Material provided START

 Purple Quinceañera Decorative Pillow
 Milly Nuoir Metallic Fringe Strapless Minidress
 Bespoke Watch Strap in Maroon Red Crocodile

Material provided END
Material provided START

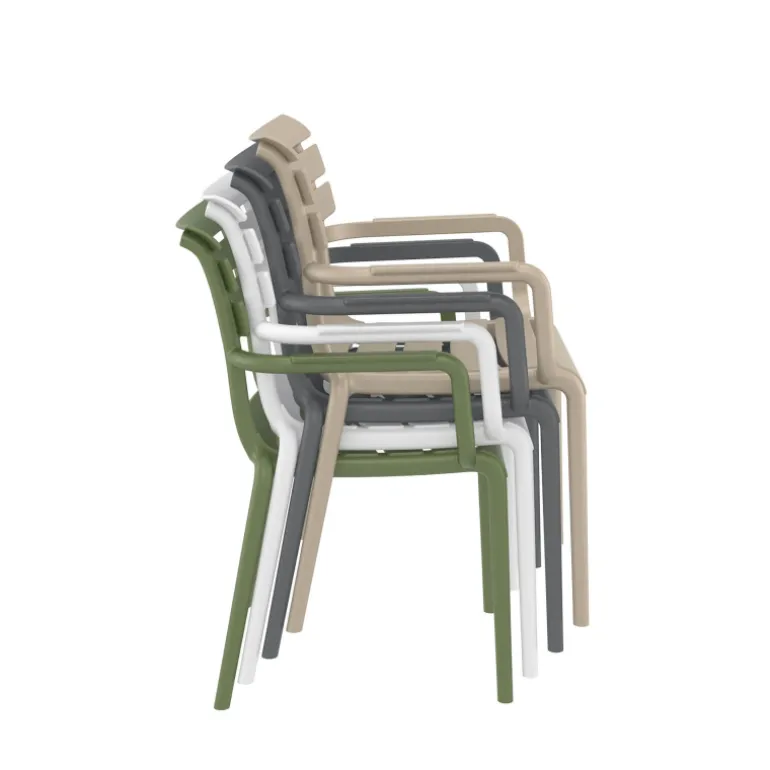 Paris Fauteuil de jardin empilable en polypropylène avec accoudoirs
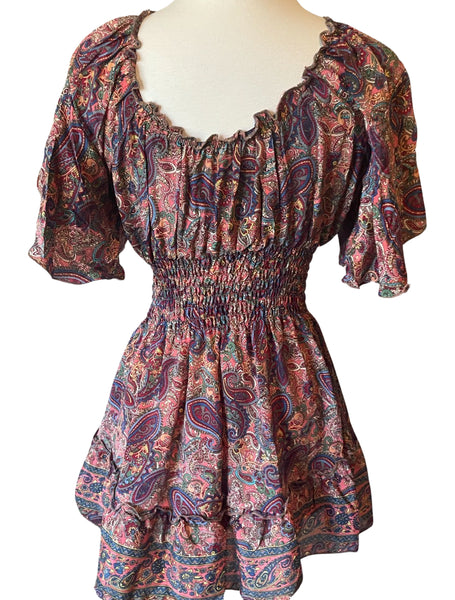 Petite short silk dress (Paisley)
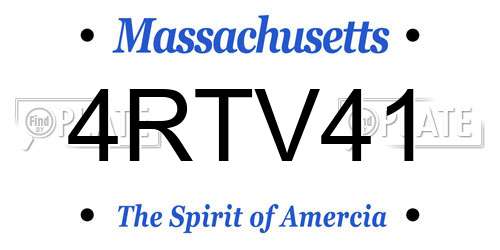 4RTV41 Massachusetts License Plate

Material provided END
Material provided START

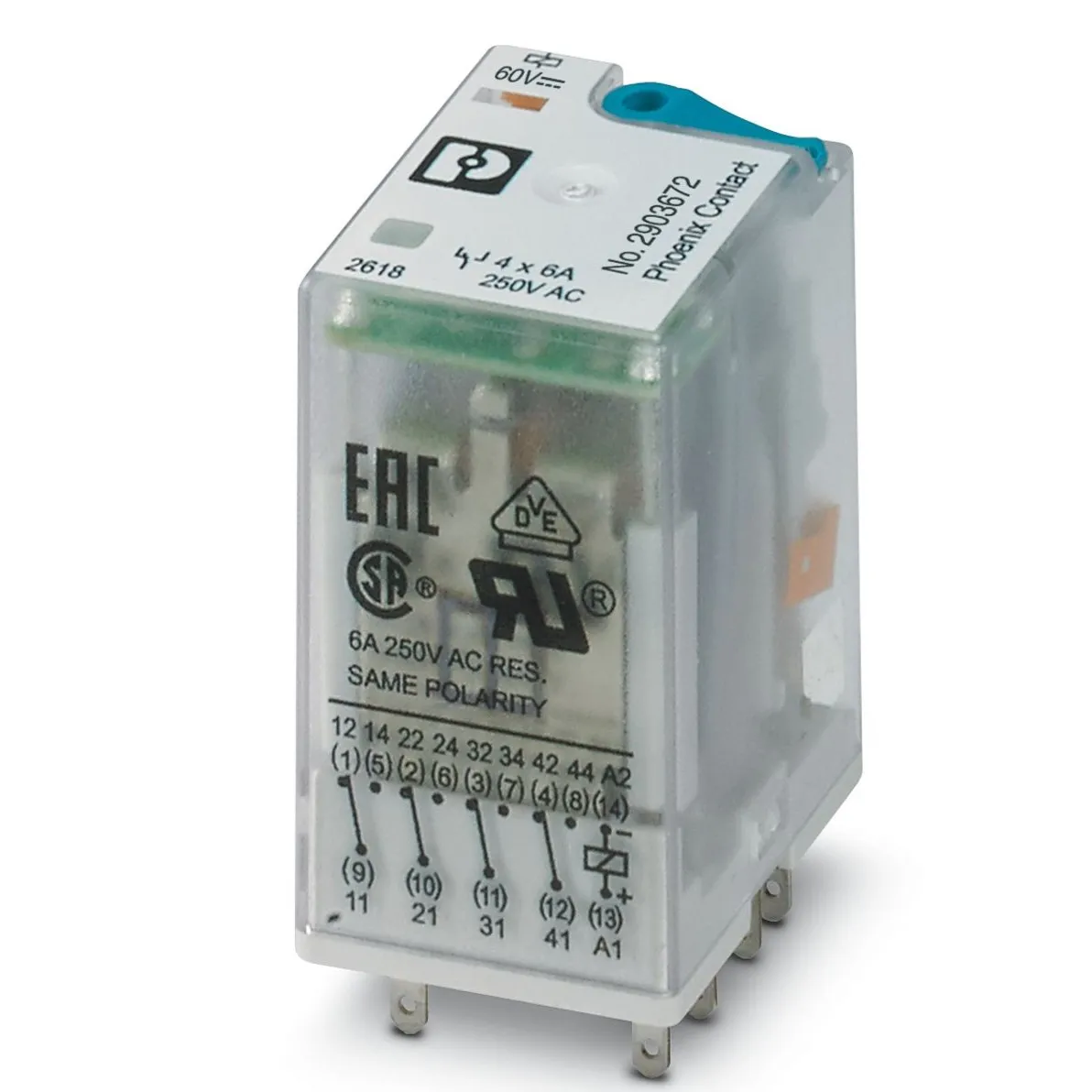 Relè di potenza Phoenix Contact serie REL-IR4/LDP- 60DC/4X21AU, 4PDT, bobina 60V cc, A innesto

Material provided END

● Work required: Beginning with the line that contains "Paris Fauteuil de" and ending with the line that contains "4RTV41 Massachusetts License Plate", reproduce the listing exactly, pictures excluded.

● Output for this task:
 Paris Fauteuil de jardin empilable en polypropylène avec accoudoirs
 Petite short silk dress (Paisley)
 4RTV41 Massachusetts License Plate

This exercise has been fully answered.